The expected output is every entry below, exact in every character.

*** Opening LISTED RECORDS ***

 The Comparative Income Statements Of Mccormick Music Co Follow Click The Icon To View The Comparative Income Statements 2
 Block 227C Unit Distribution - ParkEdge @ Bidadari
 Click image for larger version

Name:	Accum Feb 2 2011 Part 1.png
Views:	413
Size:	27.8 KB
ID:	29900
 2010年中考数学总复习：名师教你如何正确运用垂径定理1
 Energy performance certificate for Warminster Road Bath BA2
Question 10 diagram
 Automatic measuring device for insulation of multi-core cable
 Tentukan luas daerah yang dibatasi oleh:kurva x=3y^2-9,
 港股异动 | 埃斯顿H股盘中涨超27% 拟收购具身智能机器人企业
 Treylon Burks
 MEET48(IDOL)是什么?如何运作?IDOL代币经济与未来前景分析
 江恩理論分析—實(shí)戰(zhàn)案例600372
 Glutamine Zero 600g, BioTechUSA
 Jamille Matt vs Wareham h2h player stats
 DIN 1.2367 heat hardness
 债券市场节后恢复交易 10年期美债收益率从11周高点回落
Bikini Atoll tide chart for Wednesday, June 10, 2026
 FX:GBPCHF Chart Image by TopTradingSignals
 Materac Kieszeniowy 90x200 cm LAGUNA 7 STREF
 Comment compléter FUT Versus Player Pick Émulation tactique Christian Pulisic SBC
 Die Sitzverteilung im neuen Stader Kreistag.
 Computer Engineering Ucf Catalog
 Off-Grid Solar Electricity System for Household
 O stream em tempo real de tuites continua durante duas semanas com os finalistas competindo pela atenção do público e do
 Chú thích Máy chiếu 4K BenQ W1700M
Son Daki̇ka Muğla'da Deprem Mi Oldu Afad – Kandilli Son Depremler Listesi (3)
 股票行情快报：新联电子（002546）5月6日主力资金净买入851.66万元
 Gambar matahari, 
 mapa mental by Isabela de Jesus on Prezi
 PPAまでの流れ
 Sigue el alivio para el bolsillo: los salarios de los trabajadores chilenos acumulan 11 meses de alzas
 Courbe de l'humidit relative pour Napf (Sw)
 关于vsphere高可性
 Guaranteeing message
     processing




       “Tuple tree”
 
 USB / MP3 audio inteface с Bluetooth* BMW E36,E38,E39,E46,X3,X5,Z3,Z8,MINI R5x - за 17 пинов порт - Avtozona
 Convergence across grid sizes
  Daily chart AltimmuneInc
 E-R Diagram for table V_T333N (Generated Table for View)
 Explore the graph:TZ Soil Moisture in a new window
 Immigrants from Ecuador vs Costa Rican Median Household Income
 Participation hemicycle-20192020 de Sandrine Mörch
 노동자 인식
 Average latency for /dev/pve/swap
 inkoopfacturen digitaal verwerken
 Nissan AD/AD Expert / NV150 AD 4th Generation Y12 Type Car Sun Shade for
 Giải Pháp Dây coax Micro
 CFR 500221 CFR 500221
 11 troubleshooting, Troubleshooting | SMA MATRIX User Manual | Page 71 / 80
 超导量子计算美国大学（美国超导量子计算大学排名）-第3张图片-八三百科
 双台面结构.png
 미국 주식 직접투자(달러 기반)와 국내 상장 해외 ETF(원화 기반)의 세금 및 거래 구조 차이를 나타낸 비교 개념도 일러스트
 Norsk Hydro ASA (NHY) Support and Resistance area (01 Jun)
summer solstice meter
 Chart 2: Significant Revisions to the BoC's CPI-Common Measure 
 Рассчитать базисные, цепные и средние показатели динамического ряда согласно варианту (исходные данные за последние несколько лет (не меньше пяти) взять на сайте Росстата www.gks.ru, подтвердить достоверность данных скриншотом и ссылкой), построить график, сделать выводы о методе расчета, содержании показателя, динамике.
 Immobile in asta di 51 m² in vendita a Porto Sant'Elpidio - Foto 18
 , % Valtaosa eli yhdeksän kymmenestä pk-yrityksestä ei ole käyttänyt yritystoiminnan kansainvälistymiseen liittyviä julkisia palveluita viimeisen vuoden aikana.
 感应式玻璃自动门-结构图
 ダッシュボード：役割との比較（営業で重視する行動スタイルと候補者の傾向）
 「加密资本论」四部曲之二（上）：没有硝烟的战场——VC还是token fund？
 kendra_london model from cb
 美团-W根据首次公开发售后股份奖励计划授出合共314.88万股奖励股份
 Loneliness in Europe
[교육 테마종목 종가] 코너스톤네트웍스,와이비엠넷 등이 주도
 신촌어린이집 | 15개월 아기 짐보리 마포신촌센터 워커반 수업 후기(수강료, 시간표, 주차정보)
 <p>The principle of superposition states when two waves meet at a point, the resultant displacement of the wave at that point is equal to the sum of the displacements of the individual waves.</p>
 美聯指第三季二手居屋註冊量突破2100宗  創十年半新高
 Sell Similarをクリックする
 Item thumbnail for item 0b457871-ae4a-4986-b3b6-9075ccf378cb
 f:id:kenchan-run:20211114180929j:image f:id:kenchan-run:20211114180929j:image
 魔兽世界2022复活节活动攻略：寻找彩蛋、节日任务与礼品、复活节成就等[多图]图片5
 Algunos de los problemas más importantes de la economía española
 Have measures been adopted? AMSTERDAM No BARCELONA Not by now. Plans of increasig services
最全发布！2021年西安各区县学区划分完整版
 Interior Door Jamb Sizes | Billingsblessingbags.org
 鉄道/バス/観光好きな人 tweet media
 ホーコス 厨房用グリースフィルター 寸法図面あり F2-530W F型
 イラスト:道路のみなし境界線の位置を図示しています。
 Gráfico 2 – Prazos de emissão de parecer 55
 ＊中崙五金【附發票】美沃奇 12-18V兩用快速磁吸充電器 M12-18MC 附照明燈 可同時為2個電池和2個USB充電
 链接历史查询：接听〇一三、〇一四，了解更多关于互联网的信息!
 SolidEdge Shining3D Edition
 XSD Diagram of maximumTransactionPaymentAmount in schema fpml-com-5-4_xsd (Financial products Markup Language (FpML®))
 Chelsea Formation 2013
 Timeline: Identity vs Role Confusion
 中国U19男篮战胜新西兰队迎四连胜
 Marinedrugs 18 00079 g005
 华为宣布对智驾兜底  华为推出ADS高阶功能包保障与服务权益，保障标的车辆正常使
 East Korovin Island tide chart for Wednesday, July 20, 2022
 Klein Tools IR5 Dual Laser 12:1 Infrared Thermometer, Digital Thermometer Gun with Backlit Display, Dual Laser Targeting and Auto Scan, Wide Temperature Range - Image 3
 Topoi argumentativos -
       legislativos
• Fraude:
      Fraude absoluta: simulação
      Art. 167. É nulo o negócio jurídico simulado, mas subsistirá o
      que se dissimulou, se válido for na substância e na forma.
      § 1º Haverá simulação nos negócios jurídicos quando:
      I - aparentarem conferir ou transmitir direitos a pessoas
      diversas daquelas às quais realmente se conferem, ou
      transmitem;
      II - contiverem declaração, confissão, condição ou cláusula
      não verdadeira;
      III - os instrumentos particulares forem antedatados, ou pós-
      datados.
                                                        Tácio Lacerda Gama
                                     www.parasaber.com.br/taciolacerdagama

*** Closing LISTED RECORDS ***

**YOUR RESPONSE**
 The Comparative Income Statements Of Mccormick Music Co Follow Click The Icon To View The Comparative Income Statements 2
 Block 227C Unit Distribution - ParkEdge @ Bidadari
 Click image for larger version

Name:	Accum Feb 2 2011 Part 1.png
Views:	413
Size:	27.8 KB
ID:	29900
 2010年中考数学总复习：名师教你如何正确运用垂径定理1
 Energy performance certificate for Warminster Road Bath BA2
Question 10 diagram
 Automatic measuring device for insulation of multi-core cable
 Tentukan luas daerah yang dibatasi oleh:kurva x=3y^2-9,
 港股异动 | 埃斯顿H股盘中涨超27% 拟收购具身智能机器人企业
 Treylon Burks
 MEET48(IDOL)是什么?如何运作?IDOL代币经济与未来前景分析
 江恩理論分析—實(shí)戰(zhàn)案例600372
 Glutamine Zero 600g, BioTechUSA
 Jamille Matt vs Wareham h2h player stats
 DIN 1.2367 heat hardness
 债券市场节后恢复交易 10年期美债收益率从11周高点回落
Bikini Atoll tide chart for Wednesday, June 10, 2026
 FX:GBPCHF Chart Image by TopTradingSignals
 Materac Kieszeniowy 90x200 cm LAGUNA 7 STREF
 Comment compléter FUT Versus Player Pick Émulation tactique Christian Pulisic SBC
 Die Sitzverteilung im neuen Stader Kreistag.
 Computer Engineering Ucf Catalog
 Off-Grid Solar Electricity System for Household
 O stream em tempo real de tuites continua durante duas semanas com os finalistas competindo pela atenção do público e do
 Chú thích Máy chiếu 4K BenQ W1700M
Son Daki̇ka Muğla'da Deprem Mi Oldu Afad – Kandilli Son Depremler Listesi (3)
 股票行情快报：新联电子（002546）5月6日主力资金净买入851.66万元
 Gambar matahari, 
 mapa mental by Isabela de Jesus on Prezi
 PPAまでの流れ
 Sigue el alivio para el bolsillo: los salarios de los trabajadores chilenos acumulan 11 meses de alzas
 Courbe de l'humidit relative pour Napf (Sw)
 关于vsphere高可性
 Guaranteeing message
     processing




       “Tuple tree”
 
 USB / MP3 audio inteface с Bluetooth* BMW E36,E38,E39,E46,X3,X5,Z3,Z8,MINI R5x - за 17 пинов порт - Avtozona
 Convergence across grid sizes
  Daily chart AltimmuneInc
 E-R Diagram for table V_T333N (Generated Table for View)
 Explore the graph:TZ Soil Moisture in a new window
 Immigrants from Ecuador vs Costa Rican Median Household Income
 Participation hemicycle-20192020 de Sandrine Mörch
 노동자 인식
 Average latency for /dev/pve/swap
 inkoopfacturen digitaal verwerken
 Nissan AD/AD Expert / NV150 AD 4th Generation Y12 Type Car Sun Shade for
 Giải Pháp Dây coax Micro
 CFR 500221 CFR 500221
 11 troubleshooting, Troubleshooting | SMA MATRIX User Manual | Page 71 / 80
 超导量子计算美国大学（美国超导量子计算大学排名）-第3张图片-八三百科
 双台面结构.png
 미국 주식 직접투자(달러 기반)와 국내 상장 해외 ETF(원화 기반)의 세금 및 거래 구조 차이를 나타낸 비교 개념도 일러스트
 Norsk Hydro ASA (NHY) Support and Resistance area (01 Jun)
summer solstice meter
 Chart 2: Significant Revisions to the BoC's CPI-Common Measure 
 Рассчитать базисные, цепные и средние показатели динамического ряда согласно варианту (исходные данные за последние несколько лет (не меньше пяти) взять на сайте Росстата www.gks.ru, подтвердить достоверность данных скриншотом и ссылкой), построить график, сделать выводы о методе расчета, содержании показателя, динамике.
 Immobile in asta di 51 m² in vendita a Porto Sant'Elpidio - Foto 18
 , % Valtaosa eli yhdeksän kymmenestä pk-yrityksestä ei ole käyttänyt yritystoiminnan kansainvälistymiseen liittyviä julkisia palveluita viimeisen vuoden aikana.
 感应式玻璃自动门-结构图
 ダッシュボード：役割との比較（営業で重視する行動スタイルと候補者の傾向）
 「加密资本论」四部曲之二（上）：没有硝烟的战场——VC还是token fund？
 kendra_london model from cb
 美团-W根据首次公开发售后股份奖励计划授出合共314.88万股奖励股份
 Loneliness in Europe
[교육 테마종목 종가] 코너스톤네트웍스,와이비엠넷 등이 주도
 신촌어린이집 | 15개월 아기 짐보리 마포신촌센터 워커반 수업 후기(수강료, 시간표, 주차정보)
 <p>The principle of superposition states when two waves meet at a point, the resultant displacement of the wave at that point is equal to the sum of the displacements of the individual waves.</p>
 美聯指第三季二手居屋註冊量突破2100宗  創十年半新高
 Sell Similarをクリックする
 Item thumbnail for item 0b457871-ae4a-4986-b3b6-9075ccf378cb
 f:id:kenchan-run:20211114180929j:image f:id:kenchan-run:20211114180929j:image
 魔兽世界2022复活节活动攻略：寻找彩蛋、节日任务与礼品、复活节成就等[多图]图片5
 Algunos de los problemas más importantes de la economía española
 Have measures been adopted? AMSTERDAM No BARCELONA Not by now. Plans of increasig services
最全发布！2021年西安各区县学区划分完整版
 Interior Door Jamb Sizes | Billingsblessingbags.org
 鉄道/バス/観光好きな人 tweet media
 ホーコス 厨房用グリースフィルター 寸法図面あり F2-530W F型
 イラスト:道路のみなし境界線の位置を図示しています。
 Gráfico 2 – Prazos de emissão de parecer 55
 ＊中崙五金【附發票】美沃奇 12-18V兩用快速磁吸充電器 M12-18MC 附照明燈 可同時為2個電池和2個USB充電
 链接历史查询：接听〇一三、〇一四，了解更多关于互联网的信息!
 SolidEdge Shining3D Edition
 XSD Diagram of maximumTransactionPaymentAmount in schema fpml-com-5-4_xsd (Financial products Markup Language (FpML®))
 Chelsea Formation 2013
 Timeline: Identity vs Role Confusion
 中国U19男篮战胜新西兰队迎四连胜
 Marinedrugs 18 00079 g005
 华为宣布对智驾兜底  华为推出ADS高阶功能包保障与服务权益，保障标的车辆正常使
 East Korovin Island tide chart for Wednesday, July 20, 2022
 Klein Tools IR5 Dual Laser 12:1 Infrared Thermometer, Digital Thermometer Gun with Backlit Display, Dual Laser Targeting and Auto Scan, Wide Temperature Range - Image 3
 Topoi argumentativos -
       legislativos
• Fraude:
      Fraude absoluta: simulação
      Art. 167. É nulo o negócio jurídico simulado, mas subsistirá o
      que se dissimulou, se válido for na substância e na forma.
      § 1º Haverá simulação nos negócios jurídicos quando:
      I - aparentarem conferir ou transmitir direitos a pessoas
      diversas daquelas às quais realmente se conferem, ou
      transmitem;
      II - contiverem declaração, confissão, condição ou cláusula
      não verdadeira;
      III - os instrumentos particulares forem antedatados, ou pós-
      datados.
                                                        Tácio Lacerda Gama
                                     www.parasaber.com.br/taciolacerdagama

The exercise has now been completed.